L’impression numérique grand format s’est généralisée à partir des années 2000, remplaçant progressivement la sérigraphie pour les tirages courts. Aujourd’hui, la quasi-totalité des kakemonos publicitaires sont produits par impression jet d’encre sur toile synthétique, avec des encres à base de solvant ou à base d’eau selon les matériaux utilisés.

La toile la plus courante est le polyester tissé enduit, offrant un bon compromis entre solidité, légèreté et qualité d’impression. Certains supports haut de gamme utilisent du tissu stretch pour les kakemonos tendus sur cadre, ou du papier vinyle pour des effets de surface spécifiques. Le recto verso impose l’utilisation d’une toile opaque pour éviter la transparence entre les deux faces.

Les délais de production varient selon les prestataires et les volumes. Un kakemono standard en service express peut être livré en 48 à 72 heures après validation du fichier. Pour des commandes en plusieurs exemplaires ou des formats hors-standard, compter généralement cinq à sept jours ouvrés.

Où utilise-t-on les kakemonos publicitaires ?

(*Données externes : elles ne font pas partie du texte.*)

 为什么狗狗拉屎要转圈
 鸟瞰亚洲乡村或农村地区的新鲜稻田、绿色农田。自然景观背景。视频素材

Les salons professionnels et les foires commerciales restent le premier terrain d’utilisation. Un stand bien équipé associe souvent un ou deux roll-ups en fond de stand avec des kakemonos suspendus au-dessus pour maximiser la visibilité à distance. Ce double niveau de communication visuelle permet d’attirer l’attention à plusieurs mètres de distance.

Les points de vente physiques constituent le second usage majeur. Un kakemono suspendu en vitrine ou en entrée de magasin signale une promotion, une nouveauté ou une identité de marque sans mobiliser de surface au sol. Les pharmacies, les agences bancaires et les enseignes de prêt-à-porter utilisent ce format depuis une vingtaine d’années pour animer leurs espaces sans recourir à des travaux d’affichage permanents.

Les établissements d’enseignement, les collectivités locales et les associations utilisent également les kakemonos pour leurs événements ponctuels : journées portes ouvertes, campagnes de sensibilisation, expositions temporaires. Le rapport entre le coût de production et l’impact visuel obtenu explique la persistance de ce support face aux écrans numériques, dont les coûts d’installation restent nettement plus élevés.